* _What this task involves_
Copy all lines below exactly as written. Leave pictures out.

* _Data segment_
____
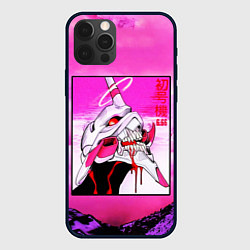 Чехол для iPhone 12 Pro Max Neon Genesis Evangelion: Eva 01, цвет: 3D-черный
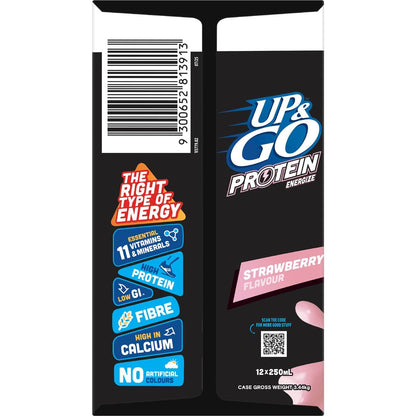 Up&Go Protein Energize Liquid Breakfast Strawberry 250mL x 12 pack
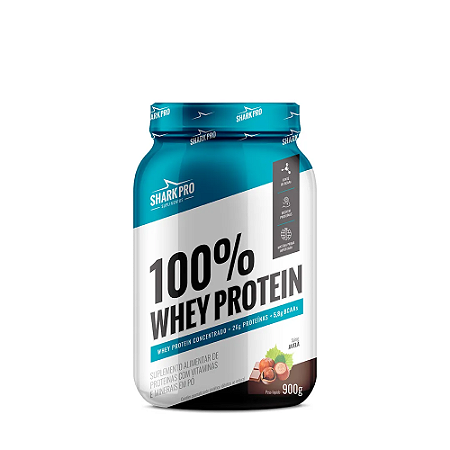 100% WHEY PROTEIN POTE 900G - AVELA SHARK PRO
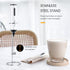 FoodVille MF05 Rechargeable Milk Frother USB Charging Handheld Foam Maker with One Additional Frother for Cappuccino, Latte, Bulletproof Coffee, Keto Diet, Protein Powder, Matcha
____
* _Response below_
 Чехол для iPhone 12 Pro Max Neon Genesis Evangelion: Eva 01, цвет: 3D-черный
 Up&Go Protein Energize Liquid Breakfast Strawberry 250mL x 12 pack
 100% WHEY PROTEIN POTE 900G - AVELA SHARK PRO
 FoodVille MF05 Rechargeable Milk Frother USB Charging Handheld Foam Maker with One Additional Frother for Cappuccino, Latte, Bulletproof Coffee, Keto Diet, Protein Powder, Matcha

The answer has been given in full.